Task:
After finding the line with "5806 Liverpool Dr", restate it and each remaining line of the material word for word, omitting every picture.
═════ Listed records ═════
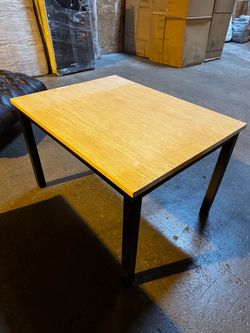 Creme Table & 2 Chairs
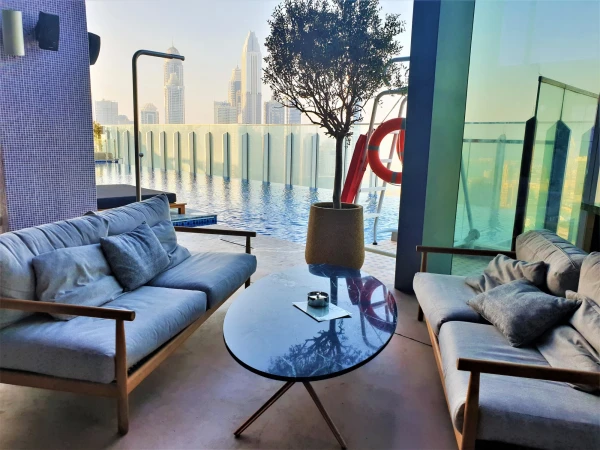 Мой отель в Дубае Taj Jumeira Lakes Towers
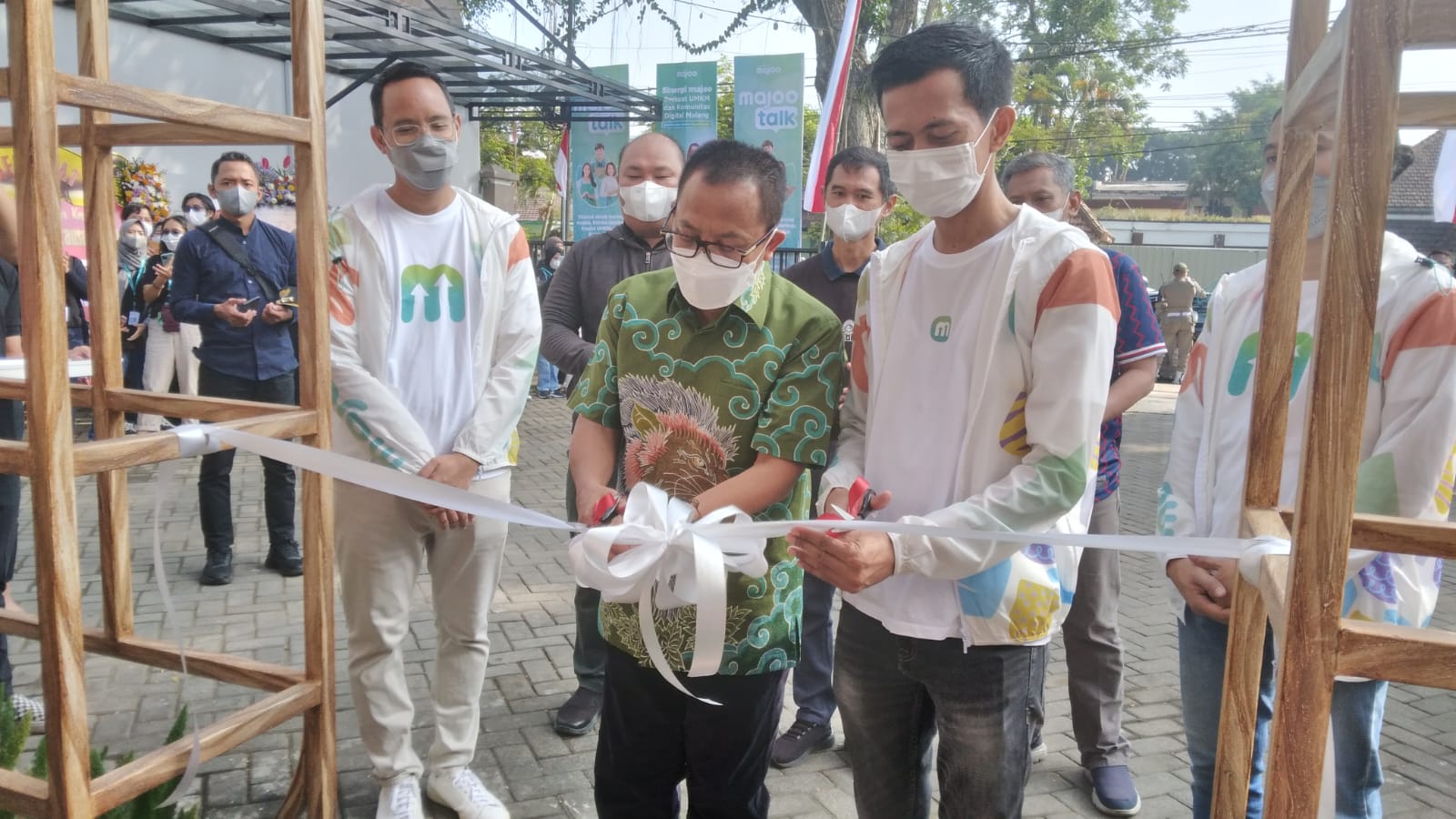Pemotongan pita oleh Wali Kota Malang Sutiaji dan Founder dan CEO Majoo Indonesia, Adi Wahyu Rahadi.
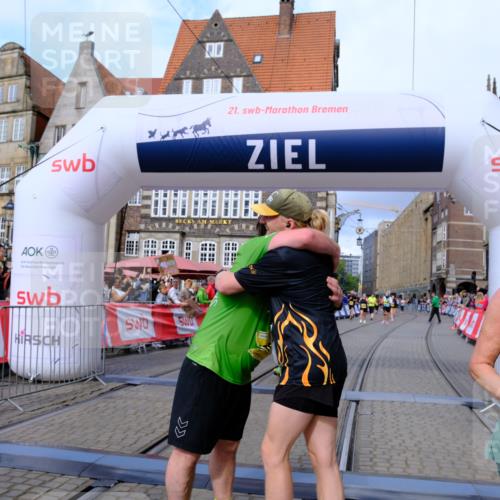 13.09.2026 - 21. swb-Marathon Bremen Tim E. http://msf.ph/oto/10346771 13.09.2026 11:17:22 Ziel 10295, 10335, 10999, 11355, 11461, 11653, 11672, 12101, 12287 meine-sportfotos.de
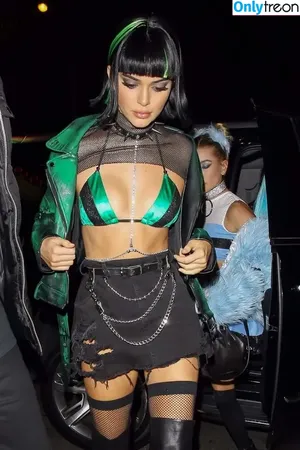 Kendall Jenner / KendallJenner фото голая #4451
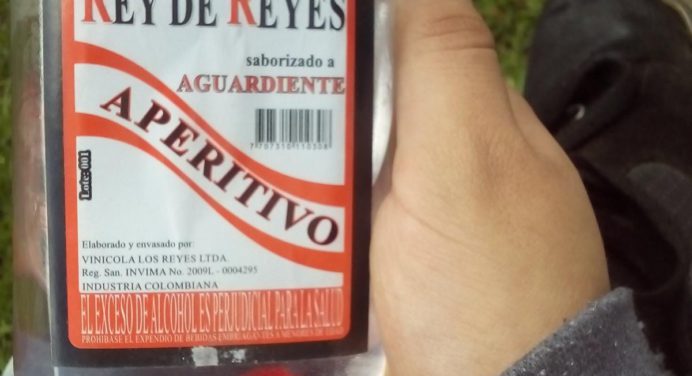 Licor adulterado con metanol en Colombia deja 16 personas muertas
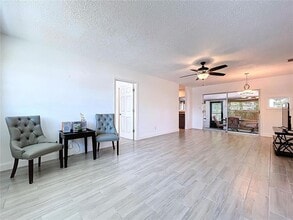 5806 Liverpool Dr in Tampa, FL - Building Photo - Building Photo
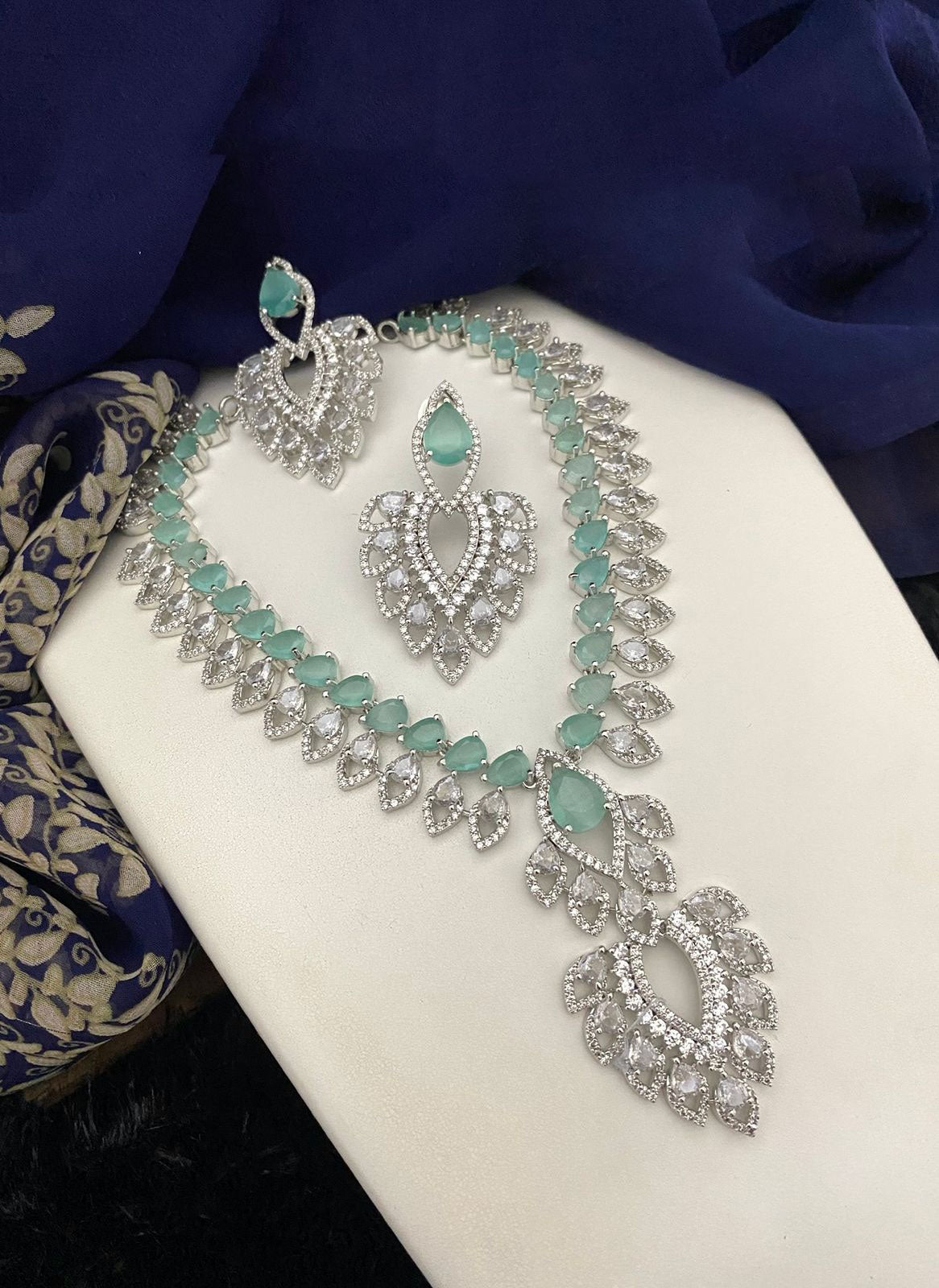 Teardrop Leafy Shapes And Pear Stone Necklace Earrings for Luxurious Appearance in Weddings and Special Occations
═════
Expected output:
 5806 Liverpool Dr in Tampa, FL - Building Photo - Building Photo
 Teardrop Leafy Shapes And Pear Stone Necklace Earrings for Luxurious Appearance in Weddings and Special Occations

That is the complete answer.